There is also the more aggressive rhetoric toward Taiwan, which Beijing considers part of its territory, its bullying behaviour in the South China Sea, and its border dispute with India.
Yet the battle with China, in Europe, is mainly one of values, influence and interests.
The Indo-Pacific is a global commercial hub. About 60 per cent of maritime trade passes through Asia, and about one-third through the South China Sea, so any disruption there would have consequences for Europe too.
"There are a whole bunch of situations in the geostrategic and geo-economic field that can concern NATO member countries, and in particular supply issues or even food issues, environment, in a way, even the major pandemics, all these issues are security issues," Philippe Le Corre, a non-resident senior fellow with Carnegie Europe, told Euronews.
"It's security in the broadest sense, it's not just weapons, ammunition, and missiles," he added.
China's continuous efforts to use its economic might and geopolitical clout to sow disunity within international organisations are also increasingly grating, experts say.
"The world of international organisations or multilateral diplomacy is something that is incredibly important to the European Union and to European countries," Berzina said, citing the World Health Organisation's attempts to investigate the origins of the COVID-19 pandemic as an example.
"China has sought entry into all the relevant international organisations and has strategically undermined them from within."
'Can Europe defend itself?'
For NATO allies, the work is two-fold: protect its values and interests at home through stronger cyber resilience and anti-disinformation efforts as well as more engagement in the Arctic and in space; and in the region through strengthened relations with local partners.
"China is looking with interest at what is happening around Ukraine -- the sanctions, the economic sanctions regime and so on -- and the way in which NATO countries are helping Ukraine, and is thinking, this is what we can learn from this in case of an attack on Taiwan," Le Corre argued.
The US and Canada, as well as France and the UK, have alliances in the Indo-Pacific and the main partners are Japan, South Korea, Australia and New Zealand.
Some of these alliances are formalised like the Quad — Australia, India, Japan, US — and AUKUS which involves Australia, the UK and the US.
For these NATO allies, that might mean boosting their military cooperation and interoperability with these countries even further, and holding more joint military exercises, although both Berzina and Le Corre said that this would be done bilaterally and not through NATO.
But reflection is still needed at the alliance level.
"France is an interesting case, I would say because it has a very large maritime domain. It has land, overseas departments and territories in the Pacific.
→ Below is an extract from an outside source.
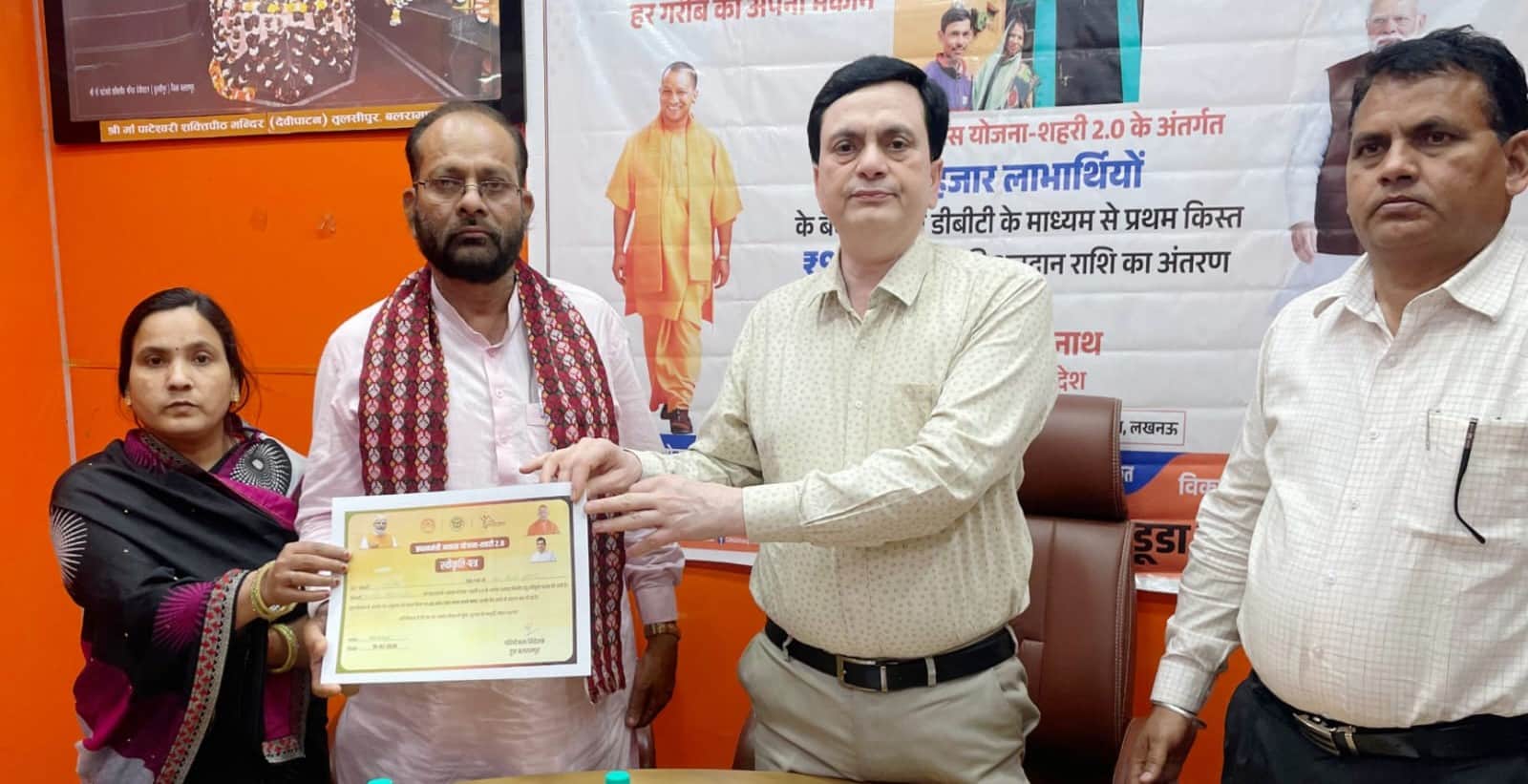 बलरामपुर के नगर पालिका सभागार में लाभार्थी को प्रमाण पत्र देते एडीएम व अन्य ।-स्रोत : विभाग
Can it trigger NATO's Article 5 in the event that its territory is affected?" Le Corre said.
"This is clearly a new area because until now NATO has not been involved in this region."
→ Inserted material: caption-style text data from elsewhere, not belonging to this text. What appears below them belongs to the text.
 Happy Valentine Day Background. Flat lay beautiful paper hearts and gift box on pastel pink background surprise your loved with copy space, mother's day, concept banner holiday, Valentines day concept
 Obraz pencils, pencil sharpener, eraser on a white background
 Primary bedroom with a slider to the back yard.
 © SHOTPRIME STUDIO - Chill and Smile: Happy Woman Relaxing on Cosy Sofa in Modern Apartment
Another impact this growing American focus on the Indo-Pacific could have on Europe is fewer US troops and equipment on its soil.
"There has been a philosophical long-term objection from the US that it foot the bill for European defence," Berzina said.
And while the "US would like to be able to remain in Europe, and values its European partners and sees Russia as a threat and is totally, completely philosophically, strategically, ideologically on Europe's side, the question now is about American capabilities and capacity to take on both a European territorial military attack and a Pacific one at the same time."
"And if that happens, can Europe defend itself? That is more of the conversation today than it has been in the past," she said.